Just back from 新疆. Xinjiang is so beautiful, both scene and girls there. You gays should go there if you have the chance. And right the day I back, I was called by the police, because I snapped the number plate, which owner is an old and rude lady. She parked her car really terrible in the shopping park and I cannot stand for it so I wricked her number plate. The silly person called 110 and I was finded. I gave the silly lady 150, and that's all. Funny thing. Most of the time, female drivers are dumb. I was unhappy for a time. Because the silly old ugly lady stood on her moral high ground and condemned me, saying that I had caused trouble for the police. At the time, I didn't argue back. I should have cursed her out right then and there. It was you, you stupid woman, who broke the rules first by parking one car across two parking spaces. The police and I were just doing our jobs.
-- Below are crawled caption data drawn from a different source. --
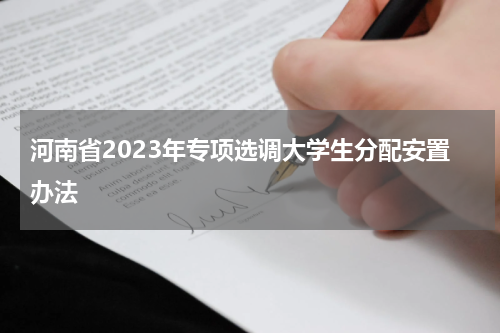 河南省2023年专项选调大学生分配安置办法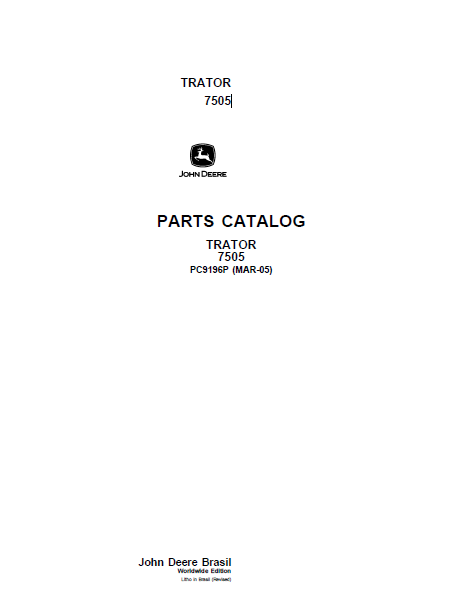 John Deere Tractor 7505 Parts Catalog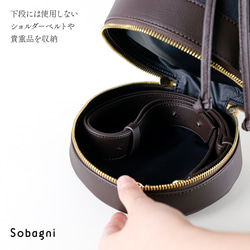 ★エシカルレザーSobagni（ソバニ） ★スタイリッシュな大人バッグ★bucket bag★ブラック 13枚目の画像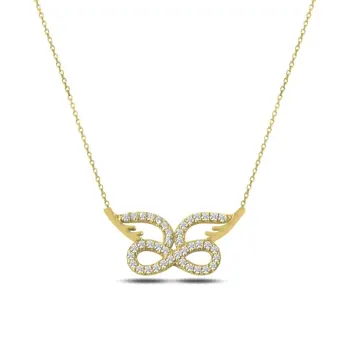 

Angemiel 925 Silver Zircon Cubic Zirconia Infinity Necklace-Gold Plated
Back to the topic. Iterate the array is really a good way.

class Solution {
public:
    vector<vector<int>> threeSum(vector<int>& nums) {
        vector<vector<int>> result;
        int n = nums.size();

        if (n < 3) 
        {
            return result; // 不可能组成三元组
        }

        // 1. 对数组进行排序
        sort(nums.begin(), nums.end());

        // 2. 遍历数组，固定第一个数 nums[i]
        for (int i = 0; i < n - 2; ++i) 
        {
            // 如果 nums[i] > 0，由于数组已排序，后续的数也都会 > 0
            // 那么三个正数之和不可能为 0
            if (nums[i] > 0) 
            {
                break;
            }

            // 跳过重复的 nums[i]
            // 如果 i > 0 (不是第一个元素) 并且当前元素和前一个元素相同
            if (i > 0 && nums[i] == nums[i-1]) 
            {
                continue;
            }

            // 3. 使用双指针在 i+1 到 n-1 的范围内查找
            int left = i + 1;
            int right = n - 1;
            int target = -nums[i]; // 我们要找 nums[left] + nums[right] == target

            while (left < right) 
            {
                int current_sum = nums[left] + nums[right];

                if (current_sum == target) 
                {
                    result.push_back({nums[i], nums[left], nums[right]});

                    // 跳过重复的 nums[left]
                    while (left < right && nums[left] == nums[left+1]) 
                    {
                        left++;
                    }
                    // 跳过重复的 nums[right]
                    while (left < right && nums[right] == nums[right-1]) 
                    {
                        right--;
                    }

                    // 移动指针到下一个不同的元素
                    left++;
                    right--;
                } 
                else if (current_sum < target) 
                {
                    left++; // 和太小，左指针右移
                } 
                else 
                { // current_sum > target
                    right--; // 和太大，右指针左移
                }
            }
        }
        return result;
    }
};